After the indie-noir whodunit The Usual Suspects became one of the most talked-about movies of the mid-’90s, there was only one kind of project Singer wanted to direct next: a sweeping, epic science fiction movie. Major studios came courting, and though he’d been more of a fantasy geek than a comic book nerd, Singer signed on to adapt the story of the X-Men, Marvel’s group of mutant superheroes.
He just wanted to make one very important, if allegorical, update. “[X-Men cocreator] Stan Lee saw the mutants as children of the Cold War,” he explains. “What would atomic weapons do? Mutate us and create super-humans?” But there was also what Singer calls the “logical parallel”: Say there were these outsiders who first discover they’re different as their bodies mature during adolescence. They long to be normal, but instead become scapegoats in a fearful society in which laws are passed to identify and criminalize anyone who is different.

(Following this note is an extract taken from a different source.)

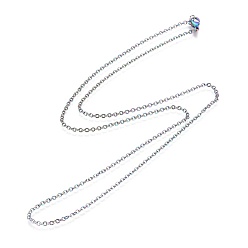Rainbow Color Ion Plating(IP) 304 Stainless Steel Cross Chain Necklaces, with Lobster Claw Clasps, Rainbow Color, 23.6 inch(60cm), 2mm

Is this a story about mutants? Or is it the modern gay civil rights movement?
Singer posed that question directly to Lee. “I just asked, ‘Back when you were creating this, did it ever occur to you that there was a parallel?’ He said, ‘Yeah, of course.’ ” (Singer also used this angle to persuade Sir Ian McKellen to step away from his Shakespearean roots and play the supervillain Magneto.)
It was a fresh approach to a genre in desperate need of a facelift. At the time, long before The Avengers broke every box office record in history — before Robert Downey Jr. so much as smirked at an Iron Man suit — comic book movies had stagnated, becoming time capsules.
When Hugh Jackman was cast as Wolverine in Singer’s X-Men, he was coming off of a West End production of Oklahoma! and showed up a little soft around the edges. There were scenes where Wolverine was injured and unconscious — and shirtless. “We were shooting around his body — a lot of lovehandle hiding,” Singer says. By the time the production had worked its way back around to the film’s opening sequence, in which Wolverine, still shirtless, fights a series of cage matches, Jackman had buffed up.
Singer had planned to have him wear tight leather pants and a tank top. “He said, ‘No, mate, I really want to go shirtless.’ He showed me his body and I was like, Oh, I’ll shoot that. That’ll work.”
This is basically what much of Singer’s gay audience expects of him — hot guys — and it generates a predictable mix of gratitude and questions about his type and his process. Singer knows this. “On screen, it’s different. People I cast, oddly enough, are not my type. People always assumed [otherwise] — like when I did Superman Returns with Brandon Routh. Not my type at all. Handsome guy, don’t get me wrong. He reminded me of Christopher Reeve — also not my type.”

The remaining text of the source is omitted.